An example of this is the government initiative to allow foreign entrants into the retail market five years, instead of 12 months as is currently standard, to develop land purchased in Australia. This provides an opening for international retail chains, such as Walmart, to enter the market, allowing them more time to establish multiple locations across Australia.

This is destined to have a negative impact on shopping centre retailers, in particular small independent retailers, as international retail chains, such as Walmart, have freestanding locations, encouraging consumers to destination shop where they can purchase everything in the one store. In the age of convenience, this is a very appealing concept to consumers, and is certain to detract from the business of shopping centers and, thus, small retailers. In addition, large retailers, such as Woolworths and Coles, will also be affected by the introduction of international retail chains into the Australian market, as this will detract from their market share.

1b. Justification of topic
Woolworths and Coles duopolistic structure is evidenced through their dominant presence in the industry, relating to the characteristic synonymous with an oligopoly market structure, having few firms in the industry. The fact that there are only two main firms indicates that this is a duopoly. Woolworths and Coles are present in almost every Westfield shopping centre across Australia, as well as independently, close to access to public transport. The National Association of Retail Grocers of Australia reported that Woolworths and Coles comprised a 79% share of the market (AAP, 2007).

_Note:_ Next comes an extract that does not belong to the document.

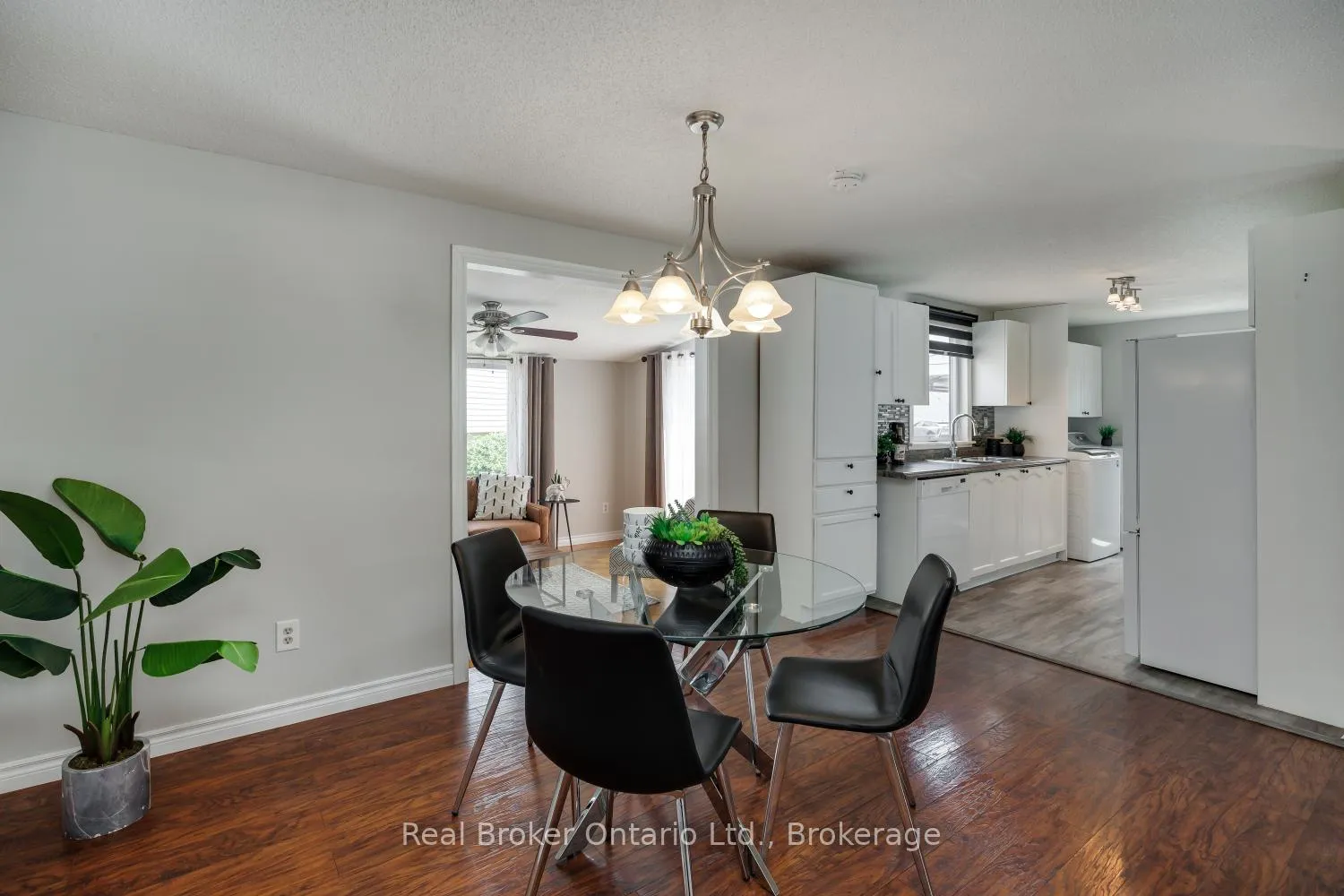 Photo 12 of 115 Wilmot Trail, Clarington, Newcastle — HOMEH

High barriers to entry, in particular financial barriers, including set up costs, distribution and advertising, are also evidence that this is an oligopoly market structure. In addition to this, mutual interdependence, whereby Woolworths and Coles are constrained in their competitive activity, and the use of heavy advertising as a means of attracting more market share in avoidance of price competition, also indicate the oligopolistic nature of this industry, as do large economies of scale.

1.Economic Analysis
*For the purpose of the discussion Walmart has been used as an example throughout. Duopolies occur largely because of the existence of barriers to entry in an industry. In this instance, the major barrier to entry is financial. Large set up costs, distribution and...

References: AAP, 2007, Independent grocers seek stricter rules to limit big chains, The Age, 3 July
McKenzie, 2002, Green giants are gobbling up the little growers, 8 July, Sydney Morning Herald (online)
Baker, Michael, 2008, Reality check for retailers, 3 May, The Sydney Morning Herald (online)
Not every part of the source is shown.